I’m not sure it’s a good idea or not to have additional resource consumption requirements at the “beacon” end, but there’s no argument for rejecting it based on logic.

Any limitation (like mass over time) or resource consumption (source or target) requires a change to the “game-logic” of instantaneous travel.

Just add in something like “both ends require a “MacGuffin module” which contains an artificial black hole, and the black holes must be attuned to each other”. (NB: Jump Drives could have one of these integrated).

For target-side resource consumption, use the current Jump Drive logic but require the beacon end to use a larger black hole for a larger ship, and consume resources in proportion to mass and distance to set up the link.

Some kind of “tachyon-field stress” (or Higgs-Boson-field stress) or whatever that wears off slowly for the target module, and you have something for increasing delays between jumps, and increasing resource consumption for the target ship to attune its “macGuffin module”.

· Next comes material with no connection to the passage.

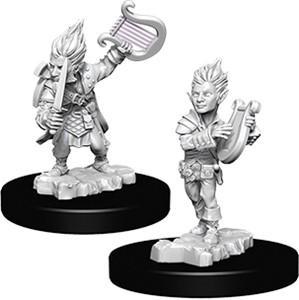 WizKids 733448 Gnome Male Bard | GrognardGamesBatavia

If it was me (I like “teleporting”, but I’m not in favor of unrestricted teleporting, regardless of game) I’d require the target ship to have a limited-size “library” of signatures for any ship that will jump to it, obtainable only by being very close to the ship (so their Jump equipment can interact). That way the target ship(s ) have an interesting vulnerability, and jumping always requires preparation and organization.
This would affect large Corps/Alliances more than small ones. It might even facilitate tactical raiding of large organizations’ territory.

You could allow (or block) jumping in cyno-capable ships (the obvious bypass to the “cyno-link library” restriction) depending on design preferences. E.g. you could erase the link-library due to the “tachyon-field” effect if a ship with such a library jumped anywhere. Or not. Or something in between (e.g. weaken them so they can only be used once).